→ **DATA IN THIS EXERCISE**:
○ ○ ○ ○ ○

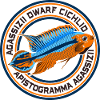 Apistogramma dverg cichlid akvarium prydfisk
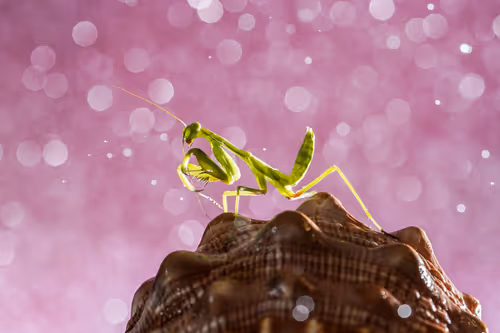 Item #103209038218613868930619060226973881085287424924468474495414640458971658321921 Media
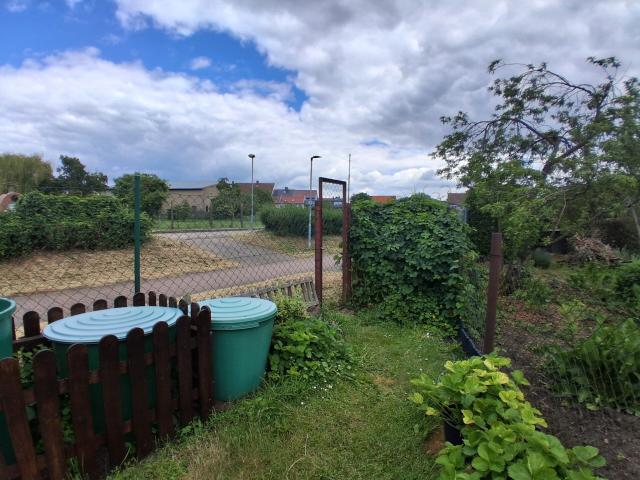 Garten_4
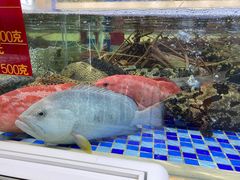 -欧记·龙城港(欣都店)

○ ○ ○ ○ ○

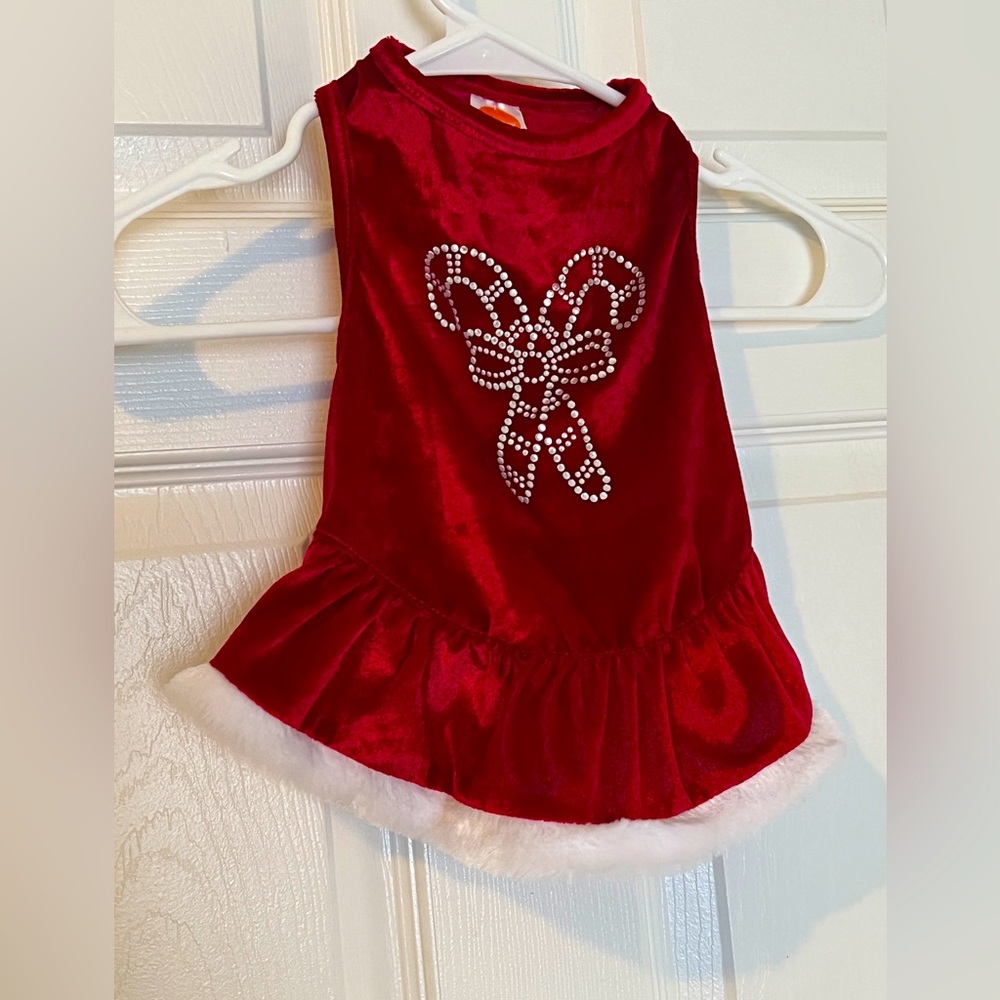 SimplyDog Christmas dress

○ ○ ○ ○ ○

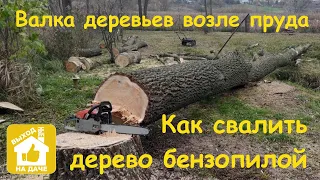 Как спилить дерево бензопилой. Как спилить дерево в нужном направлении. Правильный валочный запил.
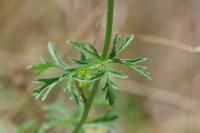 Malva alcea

○ ○ ○ ○ ○

→ **REQUIREMENT**:
What's needed is an exact copy of the lines above from the one with "Apistogramma dverg cichlid akvarium prydfisk" through the one with "-欧记·龙城港(欣都店)", both included; the pictures stay out.

→ **EXERCISE RESPONSE**:
 Apistogramma dverg cichlid akvarium prydfisk
 Item #103209038218613868930619060226973881085287424924468474495414640458971658321921 Media
 Garten_4
 -欧记·龙城港(欣都店)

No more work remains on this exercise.